Here she dwelled in Tanneguy’s town. With her were steward and chamberlain and tirewomen from the ruined castle, and she had the two children Alard and Yolande. Tanneguy, all the world knew, was her knight, and with poesy and tourney did her honour. He visited her in her garden and hall, and often was she in his castle.
Tanneguy hod a stone room with groined roof upheld by pillars. Outside its windows, cut in the thick, thick wall, quivered ivy and myrtle, sang the birds, hummed the bees, fell the gold light or the pleasant rain. By this room was a smaller room, and in this was built a furnace, and here tables held alembics and crucibles with a many other curiously shaped vessels, large and small, of glass or metal. Vials were there, and chests great and small, balances, and instruments with which to measure, manage, and design, earths and ores in heaps, and water falling from a stone lion’s head into a basin curved around by a stone gryphon. He had two men in brown who fed coals to his furnace, and for a helper an old, skilled man in green, a notable alchemist, but a lesser alchemist than Tanneguy himself. All this room held in a red-brown glow. With a magic hand and eye, it fascinated the children of Beatrix, often let to come and look from the great room or the deep, green garden. In the greater room of the stone pillars were Tanneguy’s books. His time considered, he had many.

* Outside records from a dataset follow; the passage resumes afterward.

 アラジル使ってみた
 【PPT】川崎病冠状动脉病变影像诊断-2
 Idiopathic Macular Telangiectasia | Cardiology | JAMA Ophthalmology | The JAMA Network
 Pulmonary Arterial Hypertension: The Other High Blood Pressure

He did not love books nor study more than did Beatrix whom he called his lady and who was now his guest. Together they loved knowledge, enquiry into the source and background and flow of things.

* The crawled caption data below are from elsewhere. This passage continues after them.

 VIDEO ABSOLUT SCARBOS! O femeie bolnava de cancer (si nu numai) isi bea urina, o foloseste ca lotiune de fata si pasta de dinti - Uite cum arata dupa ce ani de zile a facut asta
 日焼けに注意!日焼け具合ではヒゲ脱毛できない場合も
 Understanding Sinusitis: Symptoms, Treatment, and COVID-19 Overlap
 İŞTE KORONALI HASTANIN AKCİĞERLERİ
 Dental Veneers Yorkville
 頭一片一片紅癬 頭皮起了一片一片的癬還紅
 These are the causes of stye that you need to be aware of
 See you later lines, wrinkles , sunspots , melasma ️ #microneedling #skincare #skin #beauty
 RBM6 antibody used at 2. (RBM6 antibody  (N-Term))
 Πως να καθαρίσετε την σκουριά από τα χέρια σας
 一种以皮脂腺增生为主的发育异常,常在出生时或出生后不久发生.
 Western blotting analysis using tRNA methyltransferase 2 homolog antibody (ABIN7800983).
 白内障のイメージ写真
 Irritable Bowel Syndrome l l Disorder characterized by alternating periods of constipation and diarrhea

He was prince and she was lady. Abide within the four corners of sundry conventions, acknowledge various unfreedoms, and for the rest, so long as jealousy, envy, and hatred did not look their way, they might bend, in this great room, over one book. They did so; they loved, but their age found no occasion to blame their love.
These were their personal relations. They were beginning—after far wandering in lands and times—to find that one was reality, but two illusion. They were most happy in each other’s company. To be alone together in bower or garden, or in this room of knowledge and thought, had an ancient root of sweetness, a fulness of rest and home. But now that old bliss was rising into wider space. They were together even when, to eye or touch, they failed of physical nearness. They began in all things each to feel, to perceive, the other. Far and near, then and now, began to fade, divisions and limitations to grow of less account. Once these had seemed unclimbable walls, unleapable gulfs. Now they began to perceive that the gulfs were filling, the walls crumbling.... It came with a far-away perception that all walls and gulfs were arbitrary, temporary.... In the meantime it was sweet to work together in this old stone room.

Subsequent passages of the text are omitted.